Was das konkret bedeutet: Claude weißt bei jedem neuen Chat innerhalb des Projekts sofort wer du bist, für wen du schreibst, wie du klingst und was du niemals sagst. Kein Erklären, kein Aufwärmen, kein Hoffen. Du öffnest das Projekt. Und Claude ist schon da.

Der Unterschied zu einem normalen Chat ist fundamental. In einem normalen Chat beginnt Claude von null. Keine Erinnerung an frühere Gespräche, keine Kenntnis über dein Business, keine Ahnung wie du klingst. In einem Projekt trägt der Kontext von Anfang an.

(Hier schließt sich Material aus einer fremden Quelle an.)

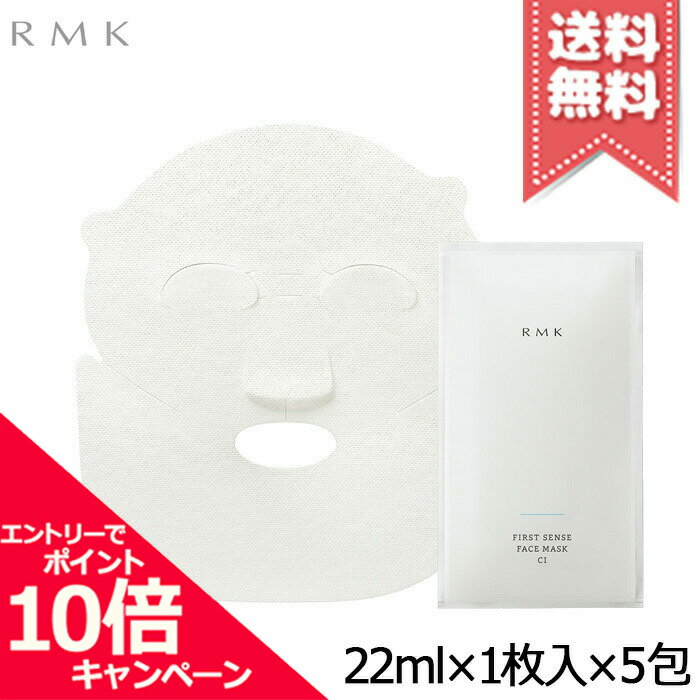 ★ポイント10倍・割引クーポン★RMK アールエムケー ファーストセンス フェイスマスク CI【送料無料】福袋 初売りのサムネイル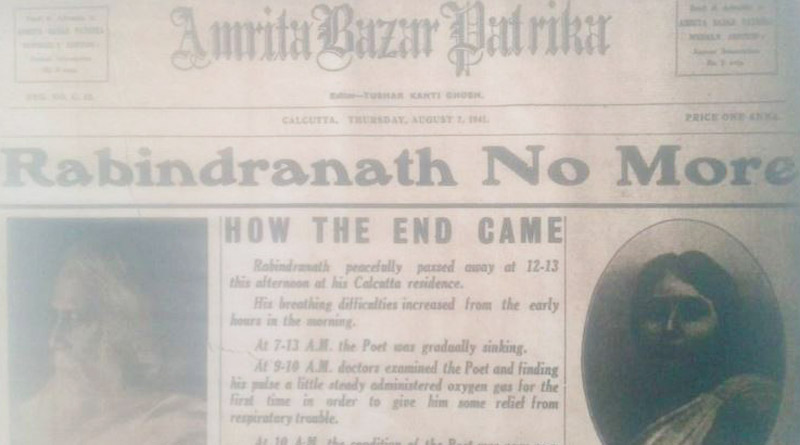 Rabindranath-death-news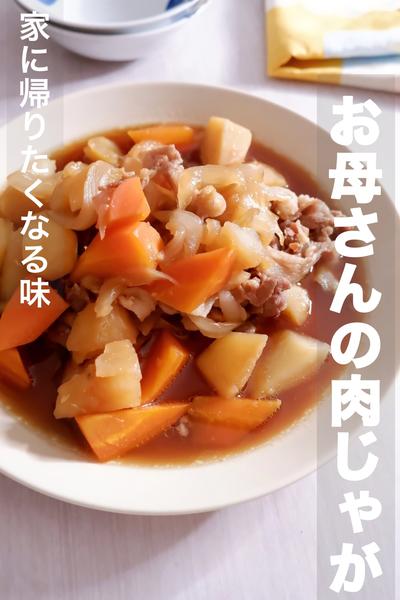 お家に帰りたくなる味！肉じゃが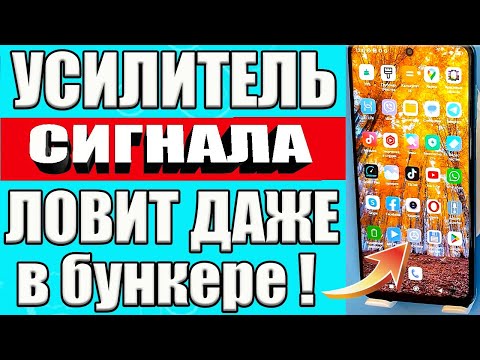 Видео: РАБОТАЕТ КАК УСИЛИТЕЛЬ СИГНАЛА СОТОВОЙ СВЯЗИ НА ТЕЛЕФОНЕ АНДРОИД ❗ КАК УСИЛИТЬ ИНТЕРНЕТ СИГНАЛ✅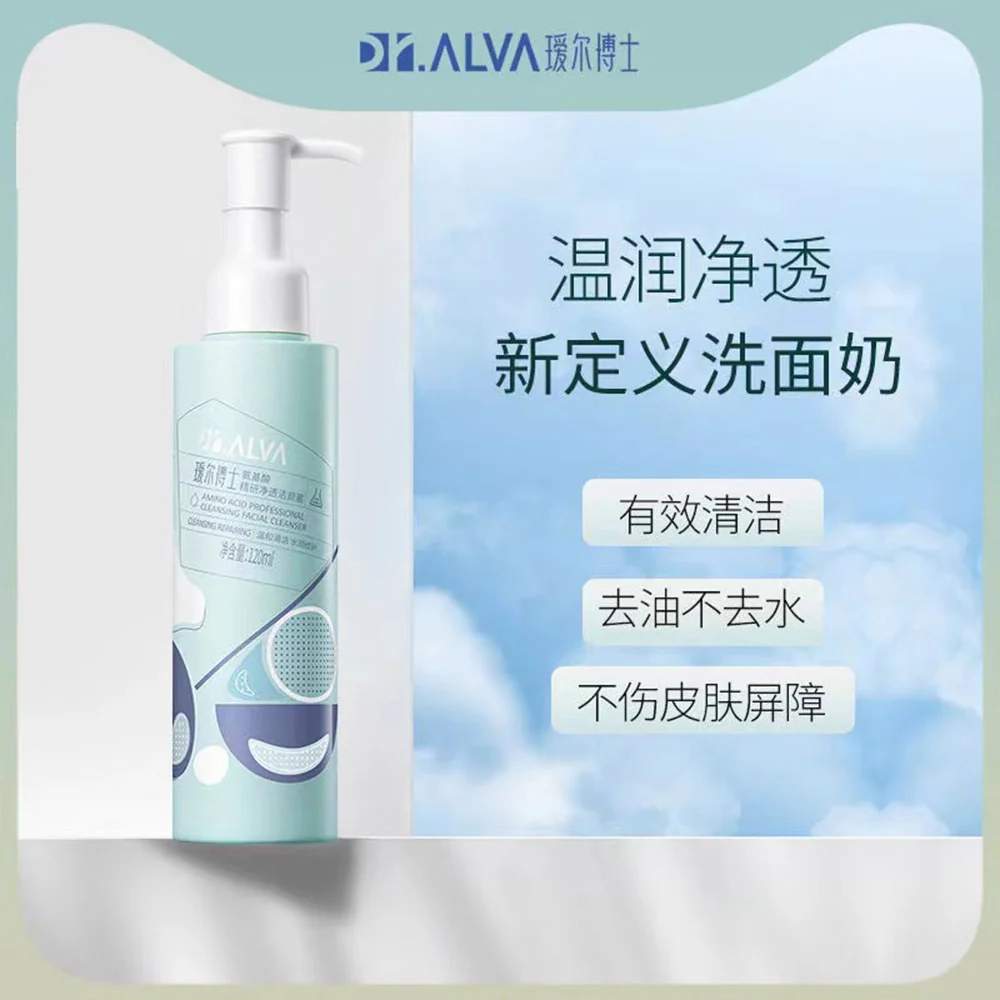Dr. Alva Amino Acid Professional Cleansing Facial Cleanser - 120ml - Image 3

Das ist auch der Grund, warum Olli the Brain funktioniert. Nicht weil Claude so beeindruckend ist. Sondern weil das Projekt den Kontext trägt, den ein normaler Chat nie haben kann.

Normaler Chat vs. Claude-Projekt: Der ehrliche Vergleich

Damit du siehst wie groß der Unterschied wirklich ist, hier auf einen Blick:

Normaler ChatClaude-Projekt
Jedes Mal neu erklären wer du bistClaude kennt dich von der ersten Zeile an
Kein Gedächtnis zwischen GesprächenDein Kontext bleibt dauerhaft hinterlegt
Tonalität muss jedes Mal neu justiert werdenBrand Voice bleibt stabil über jeden Text
Dateien müssen jedes Mal neu hochgeladen werdenDateien liegen dauerhaft im Projekt
No-Gos werden vergessenVerbotene Wörter sind fest hinterlegt
Jeder Chat fängt bei null anJeder Chat baut auf dem vorherigen auf
Prompts werden länger um Kontext zu erklärenBriefings werden kürzer weil Claude dich kennt

Ich weiß noch genau wie es sich angefühlt hat, als ich das erste Mal über ein Projekt gearbeitet habe. Der erste Entwurf sass zu 85 Prozent. Sofort. Ohne dass ich Claude erklärt hatte wer ich bin. Das war der Moment wo ich verstanden habe, warum Kontext alles ändert.

Was du in einem Projekt hinterlegen kannst: Die drei Bereiche

Ein Claude-Projekt besteht aus drei Teilen. Alle drei zusammen ergeben dein persönliches KI-Betriebssystem. Kein technisches Wissen benötigt.

1. Projekt-Anweisungen: Das Herzstück

Hier erklärst du Claude einmalig, wer du bist und wie er mit dir arbeiten soll. Das ist keine lange Beschreibung. Das sind präzise Sätze, die den Unterschied machen.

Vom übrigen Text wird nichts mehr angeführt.